They seem to get divorced or adopt or do things that may not fit into the picture of a conventional family. We realise that nothing bad happens when they have children while unmarried...so it’s kind of okay!” He adds, “However, we must remember that celebrities are subject to the same societal trends as the rest of us... and when norms evolve to regard their lives as acceptable, everyone can benefit! Currently, in India, having kids out of wedlock seems to be limited to the rich and privileged... there do not seem to be too many ‘regular people’ who would have a child, though they may live together.”

Dr Chinmay Kulkarni, Psychiatrist, sees it as a trend. “A few years back surrogate pregnancy was becoming a trend in celebrity circles before it was banned by the government. We can call something 'a change in societal thinking' if a sufficiently large number of the population changes its opinion about something.

Change in societal thinking is happening in the case of premarital sex. The next step will be live-in relationships and children out of wedlock will come after it. At present, the majority of people still want to have children after they are married and would find this idea unacceptable,” he points out.

Practicality plays a big part in this decision. “Currently having children out of wedlock is only limited to the privileged as it is difficult to provide good education, good nutrition, good future for the child for a middle class or lower-middle-class single parent,” reminds Dr Chinmay.

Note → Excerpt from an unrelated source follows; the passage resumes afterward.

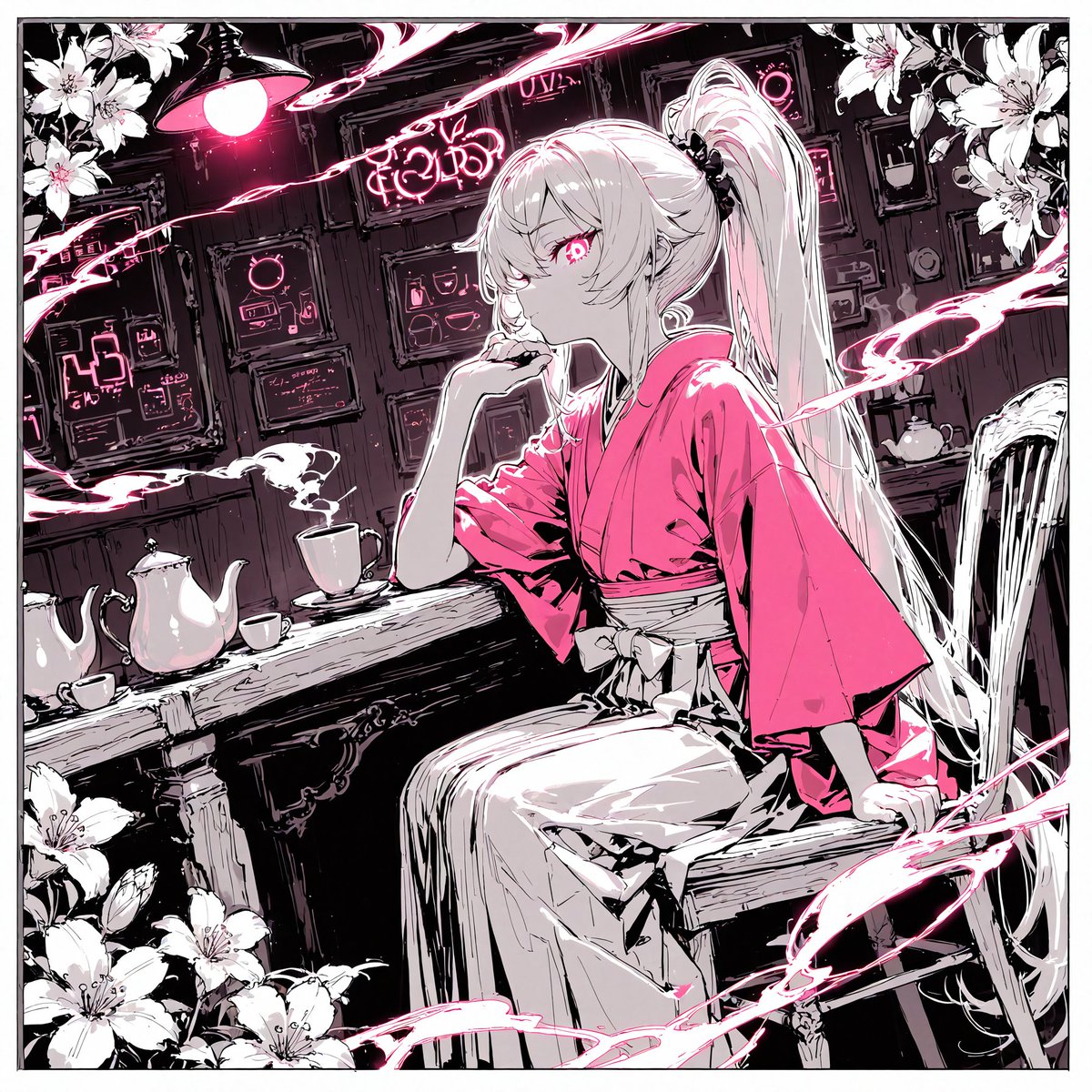 Cyberpunk Kimono Tea Room preview image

In India’s fairly conservative society, it is very likely that the child will be subject to taunts and comments by the other children or their parents. “While it helps them ‘toughen up;, it certainly is known to leave a mark on the child’s psyche,” declares Dr Chavda.

There is also the possibility of the parents choosing to go their separate ways. “Having a child outside wedlock can put undue pressure on one partner if the other partner chooses to break up. If both the partners decide to not take responsibility for the child then the child can go through a traumatic childhood. This may happen as there is no legal framework as well as governmental support for such children,” avers Dr Chinmay.

Avoiding pitfalls

Yet there is no reason to prophesy doom and many pitfalls can be avoided. Dr Chinmay advices couples to decide who will take responsibility for the child if any of the partners decide to separate in the future.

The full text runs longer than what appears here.